▶ Your goal: With the pictures left out, set down the line containing "2€ Grecia 2011 - JJOO Atenas" and each line after it to the end of the material, exactly as written.
[Opening Data listing section]
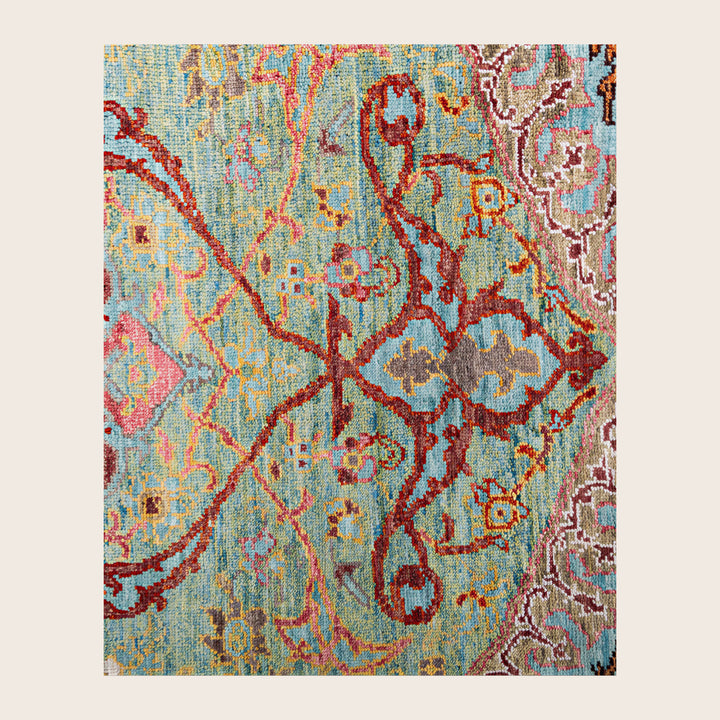 Image for Green Soluna Traditional Wool Rug - 8'1 x 11'8"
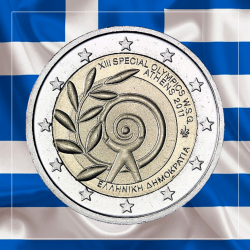 2€ Grecia 2011 - JJOO Atenas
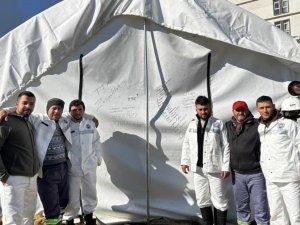 Madenciler Kaldıklara Çadıra Not Yazarak Ayrıldılar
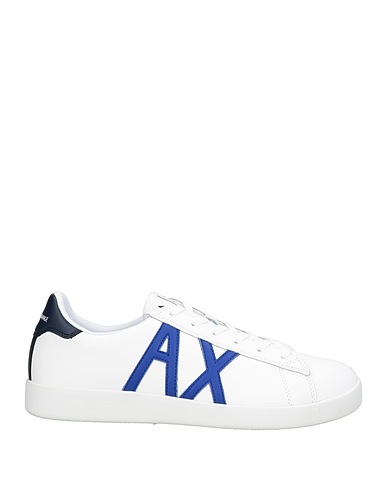 ARMANI EXCHANGE Sneakers White 100% Cow leather, Textile fibers
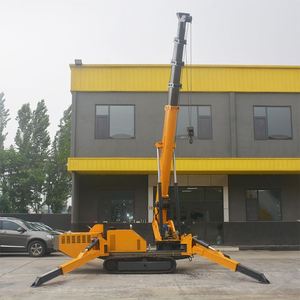 Mini-grue araignée compacte de 5 tonnes pour accès restreint et levage en intérieur, grue sur chenilles à vendre - Product Image 3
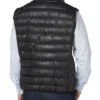 Luxury Men’s Black Leather Puffer Vest – Stylish & Warm Outerwear (3) Luxury Men’s Black Leather Puffer Vest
[Closing Data listing section]
▶ Answer box:
 2€ Grecia 2011 - JJOO Atenas
 Madenciler Kaldıklara Çadıra Not Yazarak Ayrıldılar
 ARMANI EXCHANGE Sneakers White 100% Cow leather, Textile fibers
 Mini-grue araignée compacte de 5 tonnes pour accès restreint et levage en intérieur, grue sur chenilles à vendre - Product Image 3
 Luxury Men’s Black Leather Puffer Vest – Stylish & Warm Outerwear (3) Luxury Men’s Black Leather Puffer Vest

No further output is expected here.